The surface of a adsorbent may be specified by its pore size, Small pores have higher shares. In fact, their shares is so more that could be ignore of external surface to calculate surface of adsorbent, through increasing temperature, might grow crystal in various cell units, and pore volume also changes. Large typical surface indicates that a high activity is arise but by comparison, we found that Z adsorption activity depends on not only volume of their surfaces, but also depends on pores surfaces, which are available and in access combined material in Adsorption process [8], but in high temperature pores will be destroyed. Nitrogen inside Z crystal is tailed between group of cation bonds or oxygen molecules. The amount crystal that has occupied by nitrogen, might be %50 of total crystal volume [9]. After heating process, vacant space will appear that is available for other molecules. Breakthrough of adsorption in three sequential cycle is shown in figure (6). The amount of nitrogen adsorption is (365, 219 and 199) mg/Kg that indicates they were reached on a fix level.

Figure (5). Compare amount of adsorption in consequence cycle

Figure (6). Breakthrough of 3 sequential cycle with acid wash Z

3.4. Alcohol Wash

Since Z (13X I) had not nitrogen Adsorption, in order to revive it, we should put it in oven at 110°C for 3 hrs. (see figure 7).

Figure (7). Curve of Z (13 X I)

In order to study and specify whether Ethylic alcohol is just a nitrogen adsorbent or not, we used 400gr glass bide with 100gr smeary Ethylic alcohol on adsorbent column. This test is done as previous condition, through passing air, we found that Ethylic alcohol does have low intention to Adsorption of N, alcohol wash method is done with 150% ethylic alcohol on Z13XI that describe on preparation of adsorbent section. Adsorption experiment on this bed has been done in two consequence cycle its breakthrough has shown in figure (8). In this condition purity changing is low.
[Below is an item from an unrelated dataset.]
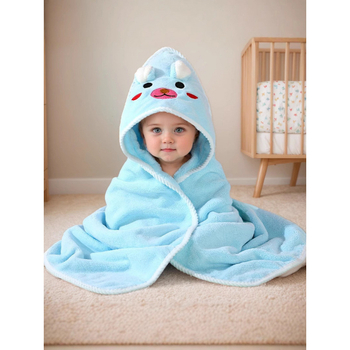 Naujagimio kūdikio rankšluostis su gobtuvu, koralų vilnos, kūdikio vonios pagalvėlė, nešiojamas apsiaustas, minkštas rankšluostis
Figure (8). Breakthrough curves of alcohol wash bed

On the following, in order to study better, we washed bed with less alcohol. In order to ready an reuse adsorbent, put Z in oven at 120c for 24hrs. The adsorption on two consequence cycle is shown in figure (9).

Figure (9). Breakthrough of regenerated heat adsorbent Z (13X I) after alcohol wash

These results proved that related Z in this condition is a N adsorbent. By using heat, its property will improve in the first experiment, Z was washed with %10 alcohol, and mixed 10 min, so that, solution color did not change any more. During mixing, a large amount of solution attracted to inner pores of Z. This action is exothermic, thus we filtered it and put it in oven for 2hrs at 120°C. Its breakthrough are respectively %10 and %20. (see figure 10).
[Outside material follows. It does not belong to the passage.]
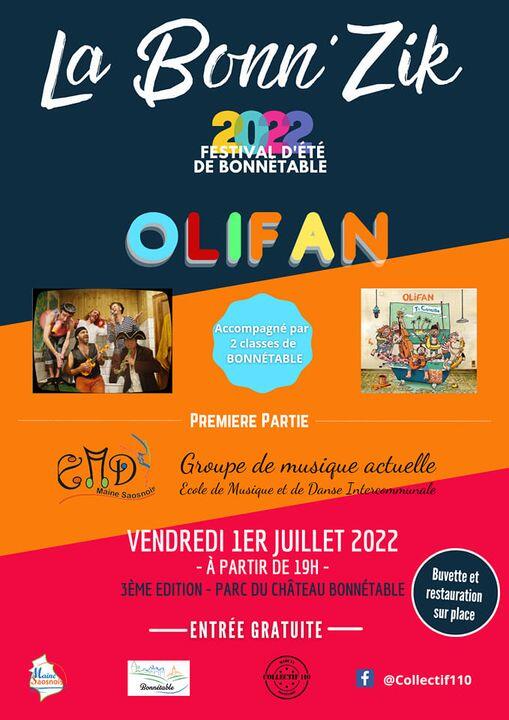 La Bonn'zik affiche Olifan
Figure (10). Breakthrough curves of alcohol wash with 10, 20% adsorbent

We found that decrease N adsorption, therefore, we use more percent alcohol, but did not happened any changes. This result show that with alcohol wash method hydroxide (OH) coated adsorption site on inner surface of particle and causes reduce nitrogen adsorption property of (Z13 X I).

4. Conclusions

One of the ways of modify Z structure, is acid wash method that acidic state of Z ready through direct ion exchange with acid. The experimental results show that size, form of adsorbent molecule, and its structure would change in acid wash method, that has impact on capacity of adsorption process. The findings show, when adsorbent is exposed under heat, nitrogen exists from adsorbent micro pores .From the view of thermodynamic nitrogen capturing inside micro pores, shows weak value bond, that its enthalpy increases by accretion heat, thus, this bond ill break and separate, indicates through hydrodynamic changes, we will not be able to remove all absorbed nitrogen, but by doing thermodynamic method, ill bonds will become weak and adsorbent would be lack of N. The results show that, we finally may access to fixed adsorb value.